Doesn't the Tsar have to be a Russian Orthodox Catholic??


----------



## allen530 (May 6, 2018)

The Resister said:


> I'm thinking that Israel is more of a reference to a people than a place.


I believe it is the land because God gave it to the Israelites because he made a promise to Abraham Isaac and Jacob to bring them into a promised land. There is no other sliver of land that has been fought over for thousands of years. Just my thoughts. Have a blessed evening!

Sent from my iPhone using Tapatalk


----------



## Jammer Six (Jun 2, 2017)

Not anything I'd bother prepping for.


----------



## bigwheel (Sep 22, 2014)

allen530 said:


> I believe it is the land because God gave it to the Israelites because he made a promise to Abraham Isaac and Jacob to bring them into a promised land. There is no other sliver of land that has been fought over for thousands of years. Just my thoughts. Have a blessed evening!
> 
> Sent from my iPhone using Tapatalk


Amen! Preach on Brother. Heard a famous TV preacher..forget who right now..say.."All the blessings of the Abrahamic and Davidic Covenants have now been bestowed on Christians also..except..the right to possess the Holy Land. That is reserved strictly for the Jews to call home." Paraphrasing and in a nutshell. Sounded sorta plausible to me but my wife argues with me about it. What do you think?


----------



## Jammer Six (Jun 2, 2017)

allen530 said:


> There is no other sliver of land that has been fought over for thousands of years.

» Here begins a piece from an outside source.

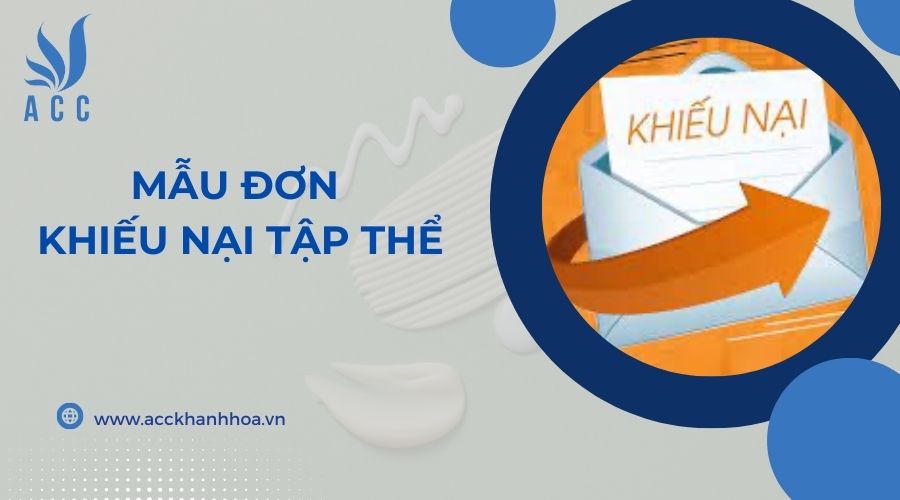 Mẫu đơn khiếu nại tập thể 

The mind boggles when you consider that the fate of that one sliver of land is one of the _smaller_ problems caused by religion.


----------



## jim-henscheli (May 4, 2015)

Jammer Six said:


> The mind boggles when you consider that the fate of that one sliver of land is one of the _smaller_ problems caused by religion.

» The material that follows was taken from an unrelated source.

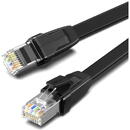 UGREEN UGREEN NW134 Cat 8 U/FTP Flat Ethernet RJ45 Cable Pure Copper 3m (black)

Please go drown in your own diarrhea..


----------



## The Resister (Jul 24, 2013)

allen530 said:


> I believe it is the land because God gave it to the Israelites because he made a promise to Abraham Isaac and Jacob to bring them into a promised land. There is no other sliver of land that has been fought over for thousands of years. Just my thoughts. Have a blessed evening!
> 
> Sent from my iPhone using Tapatalk


He promised the Israelites that they would own the land forever. He did not say that land would be the promised land.

https://www.mtholyoke.edu/acad/intrel/winthrop.htm

Also check these links out:

http://www.kimmillerconcernedchristians.com/Unsealings/1425.pdf

https://www.pbs.org/wgbh/pages/frontline/shows/apocalypse/explanation/puritans.html

Massachusetts Bay - "The City Upon a Hill" [ushistory.org]

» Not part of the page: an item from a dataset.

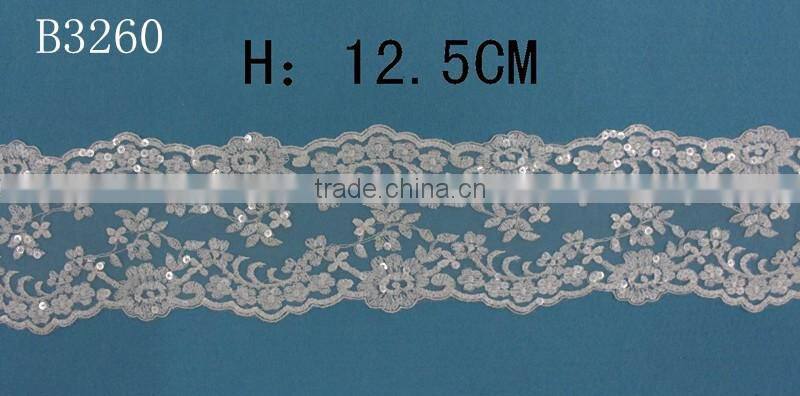 Professional wedding cotton ladder lace trim With Bottom Price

New Jerusalem | Religion-wiki | FANDOM powered by Wikia

http://usa-the-republic.com/sheldon emry/old jerusalem not new jerusalem.html


----------



## Denton (Sep 18, 2012)

The Resister said:


> He promised the Israelites that they would own the land forever. He did not say that land would be the promised land.
> 
> https://www.mtholyoke.edu/acad/intrel/winthrop.htm
> 
> ...


Ha! Personally, I don't have to click on any of the links as I can read the Bible for myself. I am aware of the blood covenant between God and Abraham. More importantly, I am able to read the prophesies and am able to understand where is going to be the center of an upcoming conflict and exactly why.
Jerusalem is the center of it, geographically.


----------



## The Resister (Jul 24, 2013)

Denton said:


> Ha! Personally, I don't have to click on any of the links as I can read the Bible for myself. I am aware of the blood covenant between God and Abraham. More importantly, I am able to read the prophesies and am able to understand where is going to be the center of an upcoming conflict and exactly why.
> Jerusalem is the center of it, geographically.


It's still just a place and there is NO promise that it will be the New Jerusalem prophesied about in the Bible. Our forefathers thought that way and look at the fact they created the greatest nation in the annals of history. We are the only nation on the planet that acknowledges *unalienable* Rights and has a Constitution guaranteeing people that those Rights are protected from the government. Insuring that the guarantee is kept is up to people like you and I.


----------



## dwight55 (Nov 9, 2012)

bigwheel said:


> Amen! Preach on Brother. Heard a famous TV preacher..forget who right now..say.."All the blessings of the Abrahamic and Davidic Covenants have now been bestowed on Christians also..except..the right to possess the Holy Land. That is reserved strictly for the Jews to call home." Paraphrasing and in a nutshell. Sounded sorta plausible to me but my wife argues with me about it. What do you think?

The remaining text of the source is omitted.